Como qualquer outra família
Vasco Pedro da Gama Filho, 35 anos, cabeleireiro de Catanduva (SP). Ele vive com o companheiro Júnior de Carvalho, 43 anos
“O Júnior e eu estamos juntos há quinze anos e sempre quisemos ter um filho. Nossa primeira tentativa de adoção foi em 1998. Sabíamos que seria impossível obter isso como casal e, então, entrei com pedido de adoção sozinho para depois o Júnior entrar com o pedido de paternidade. Ainda assim, o juiz negou, alegando que se tratava de uma ‘relação anormal’. Tentamos novamente em 2004 e, finalmente, conseguimos entrar na fila de adoção. No final do ano seguinte, conhecemos a Theodora, hoje com cinco anos. A juíza que cuidava do caso autorizou que ela passasse as festas de final do ano com a gente. Em seguida, consegui uma guarda provisória de um mês e a adoção definitiva saiu em março do ano passado, em meu nome. Dois meses depois, o Júnior entrou com o pedido de paternidade e, em novembro, obteve esse direito. O que nos ajudou a conseguir a adoção de Theodora foi a mudança na mentalidade das pessoas. Sentimos que o preconceito contra a homossexualidade diminuiu muito da segunda vez que entramos com o pedido, em 2004, em comparação à primeira vez, em 1998. Da segunda vez, vários empresários da cidade e donas-de-casa vieram nos cumprimentar, dizendo que torciam para que a gente ganhasse a criança.

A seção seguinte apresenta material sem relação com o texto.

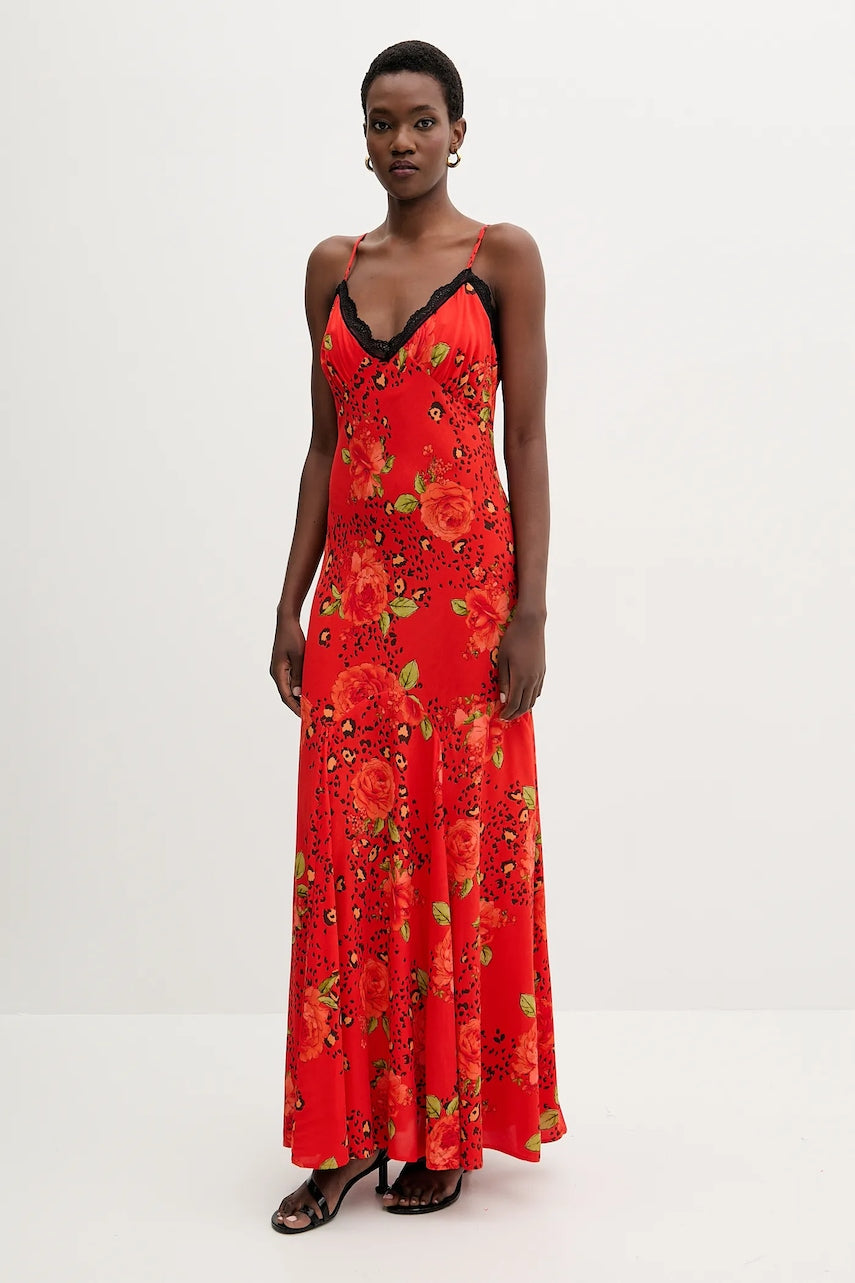 Haljina Never Fully Dressed boja: crvena, maxi, širi se prema dolje, NFDDR3097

A Theodora estuda num colégio particular das 13h às 17h. De manhã, a gente prepara o lanche dela, confere as tarefas escolares e almoça junto. À noite, damos banho e preparamos o jantar. Nos finais de semana, levamos nossa filha à lanchonete, à pizzaria ou vamos à casa de amigos. Estávamos preocupados com a possibilidade dela sofrer preconceitos, mas isso não aconteceu. Ela freqüenta o clube da cidade e sempre é chamada para a festa de aniversário dos amiguinhos. Vamos à reunião de pais e mestres, freqüentamos festinhas escolares. Enfim, somos como qualquer outra família.